Apply to opened ANSI files

My recollection of what this checkbox (when checkmarked) does is:

if a file has no content (it’s 0 bytes on disk), open it as UTF-8
if a file’s entire content is “7-bit ASCII” (no bytes with highest bit set), open it as UTF-8

This “recollection” was found in some notes I had.

The USER MANUAL is “light” on detail on this feature, saying only “If you open an ANSI file, this allows it to be “upgraded” to UTF-8.”

Coises

@Alan-Kilborn said in Every time I start notepad++, the encoding of some files will be changed:

@Coises said in Every time I start notepad++, the encoding of some files will be changed:

Apply to opened ANSI files

My recollection of what this checkbox (when checkmarked) does is:

if a file has no content (it’s 0 bytes on disk), open it as UTF-8

if a file’s entire content is “7-bit ASCII” (no bytes with highest bit set), open it as UTF-8

This “recollection” was found in some notes I had.

After doing my best to follow the code, I believe you are correct. The relevant routines appear to be:

FileManager::setLoadedBufferEncodingAndEol
and
Utf8_16_Read::utf8_7bits_8bits

which appear to come into play when there is no byte order mark and the file is not HTML or XML with a detected character set specification.

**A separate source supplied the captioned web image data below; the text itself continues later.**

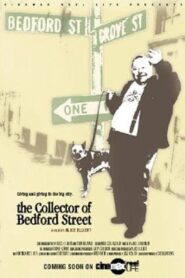 The Collector of Bedford Street Online En Netflix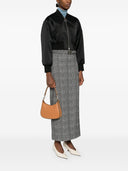 Valentino Garavani Small Rockstud Shoulder Bag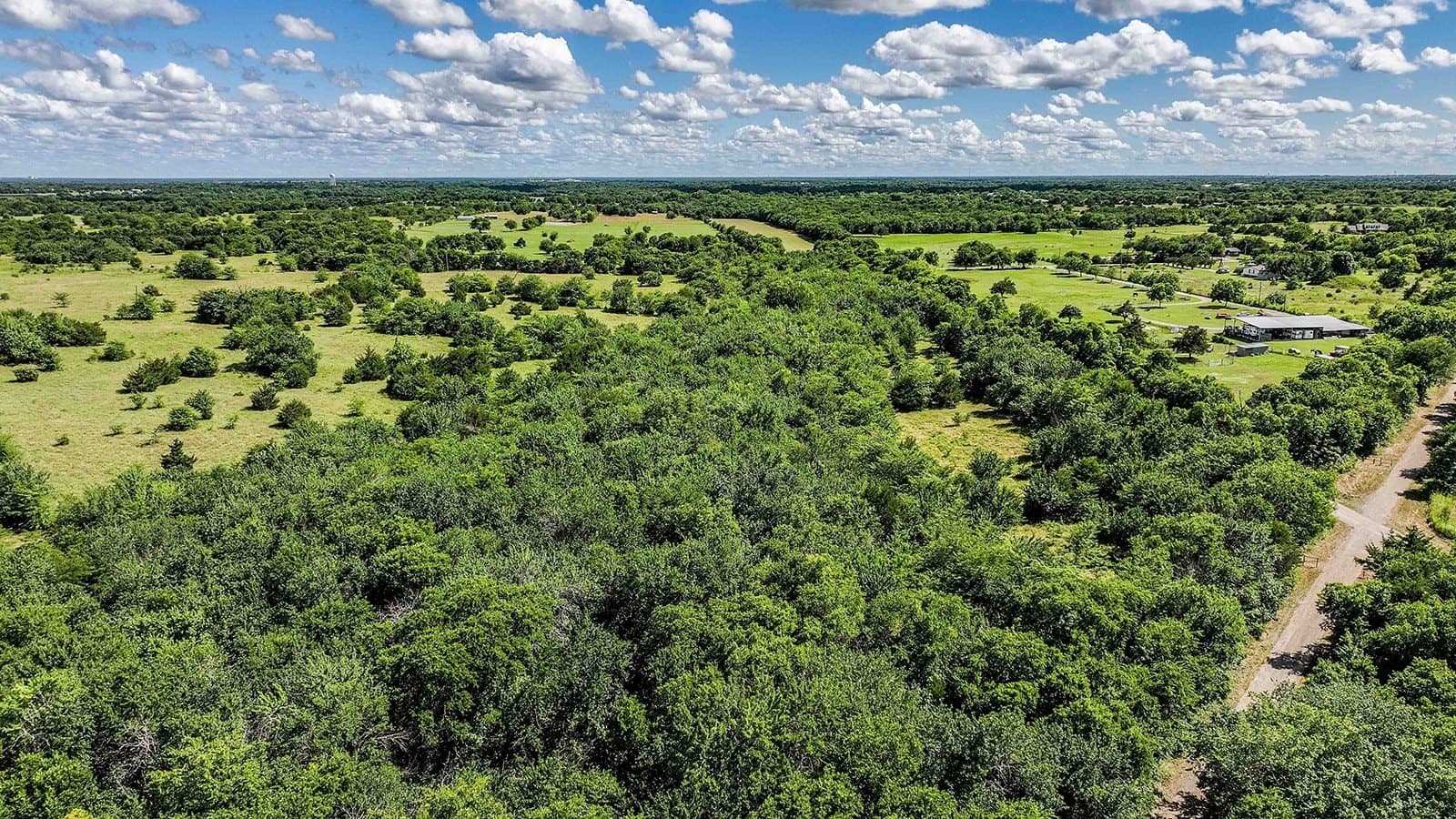 10.4 acres in Hunt County - photo 18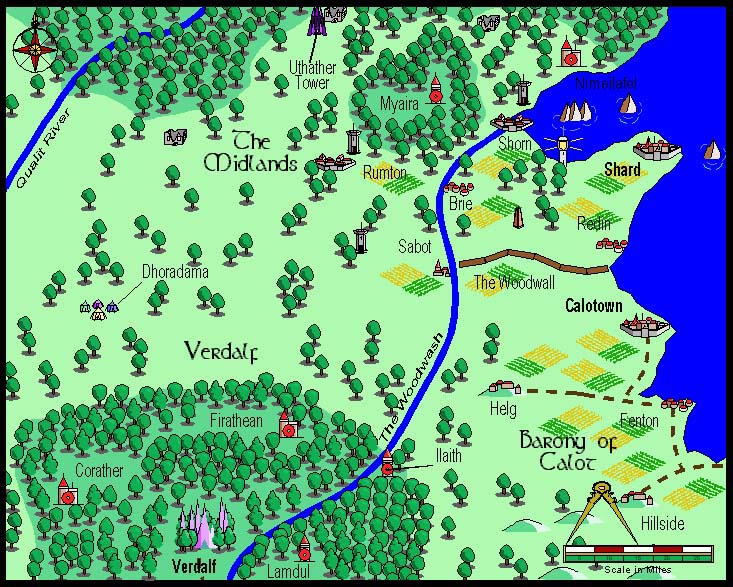 The Midlands.jpg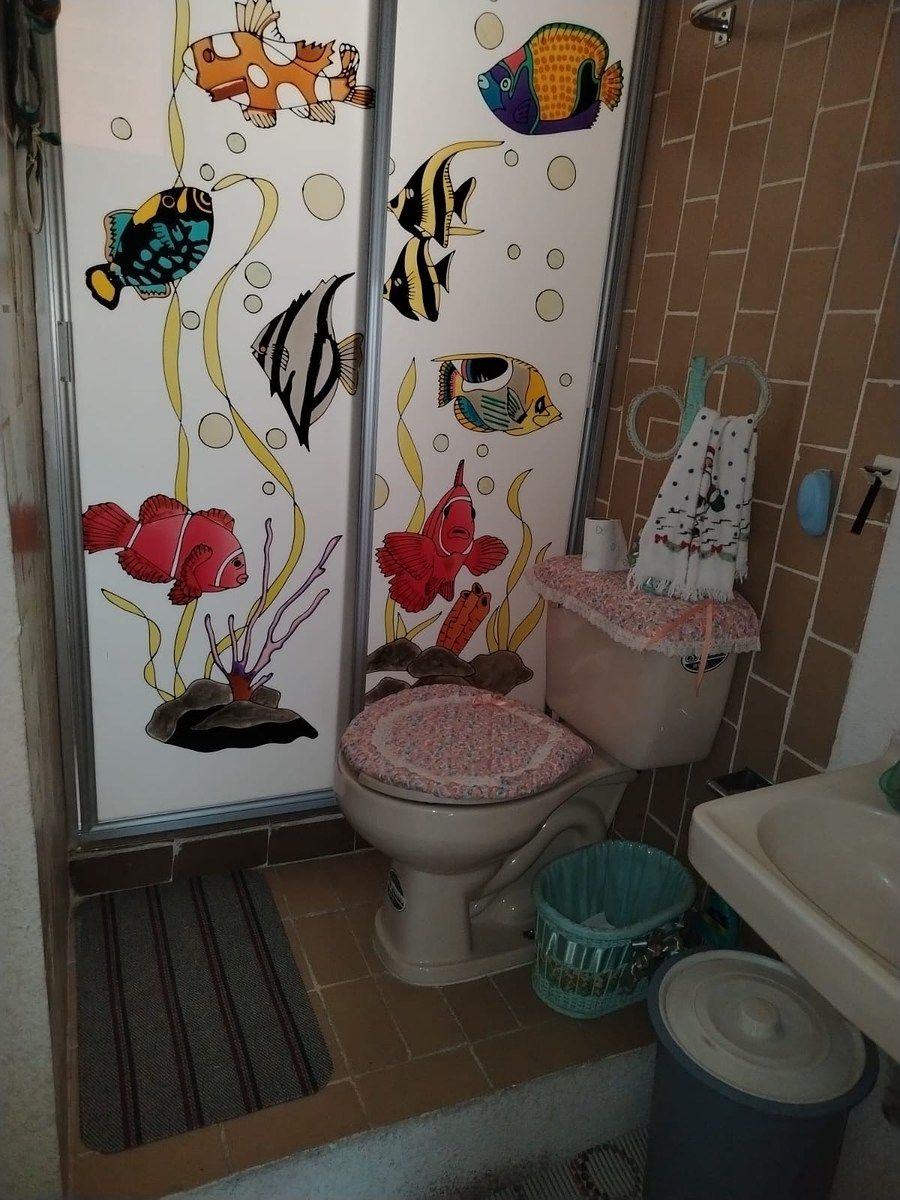 Departamento en Las Colonias, Atizapán de Zaragoza, foto 37 de 42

First, utf8_7bits_8bits decides that if a file contains a null, it’s 8-bit ANSI; if it contains only bytes from 1-127, it’s 7 bit ANSI; otherwise, if it contains only character sequences that are legal UTF-8, it’s UTF-8; otherwise, it’s 8-bit ANSI. Then setLoadedBufferEncodingAndEol uses the New Document | UTF-8 | Apply to opened ANSI files to determine whether existing files that are empty or contain 7-bit ANSI should be opened as UTF-8.

It looks like MISC | Autodetect character encoding tries to detect ANSI codepages that are not the default (corresponding to an Encoding | Character sets submenu selection, rather than Encoding | ANSI), but I haven’t attempted to follow that all the way through. I’m not sure where that fits into the sequence of decisions and how it interacts with the Apply to opened ANSI files setting.